Polyester or blends definitely help with regards to durability of the garment. I’ve always heard they do give extra warmth but because breathability is reduced it’s the warmth that makes you sweat. I might be wrong on the warmth factor, as 100% wool items definitely do not lack in the warmth department!
Durability is true, although that's fairly obvious anyway - using plastic materials that don't ever biodegrade is going to add to how long a garment lasts.

Warmth is due to body heat being preserved and insulated. Strictly speaking, there are no warmer materials - only materials that are better at insulating body heat and preventing cold from seeping in, by being windproof for example. This is why wearing one heavy coat is not quite as warm as wearing three layers of equally insulating materials, because the body heat is better trapped with the layers.

Synthetics can actually be quite good at preventing body heat escaping too, but the problem is that they aren't breathable. This will make you sweat inordinately in the cold, which slowly saps away body heat.
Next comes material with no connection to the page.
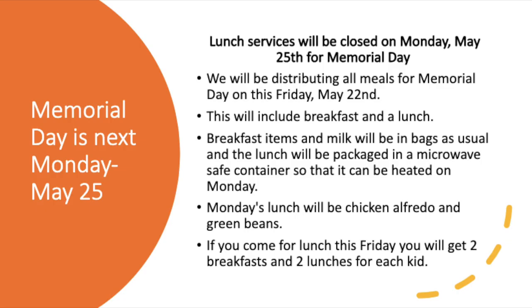Just so you know, next Monday is Memorial Day. Lunch services will be closed on Memorial Day, May 25th. We'll be distributing all meals for Memorial Day this Friday, May 22nd. This will include breakfast and lunch. Breakfast items and milk will be in bags as usual, and the lunch will be packaged in a microwave-safe container so it can be heated on Monday. Monday's lunch will be chicken alfredo and green beans. If you come for lunch this Friday, you'll get two breakfasts and two lunches for each kid.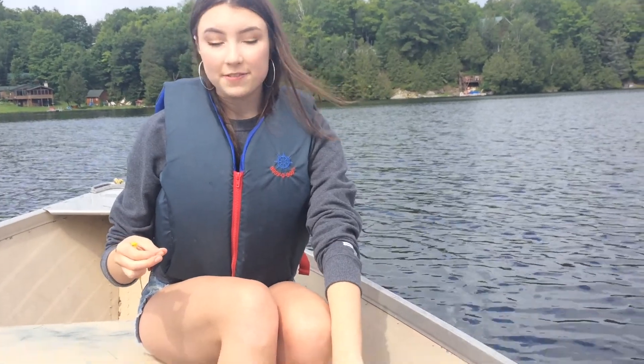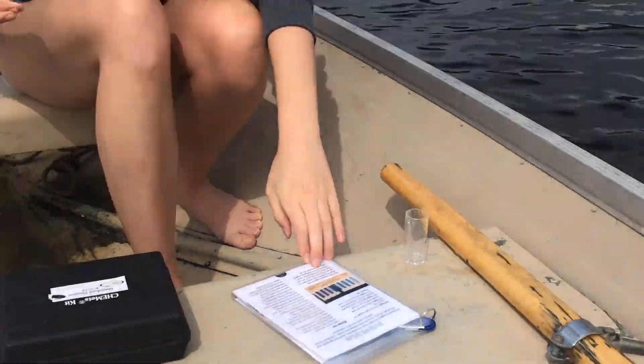Page 19 of the field guide has everything you need to know about the dissolved oxygen kit, so every piece of information you'll need will be there as well.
So you'll feel hotter, but it's actually a bad idea in cold weather. Good outerwear and parkas using synthetics will have a permeable layer like Gore-tex to account for this problem.

Adding the synthetic into the weave of an overcoat is only a cost-saving measure; it's a way for manufacturers to cheapen their garment's price, but also its quality. Considering that I own some overcoats that are well over 100 years old, I don't think the durability argument is a very good one either. You'll never go wrong by buying the highest quality - your wife may protest, however, which is why you should always bring chocolates home as well.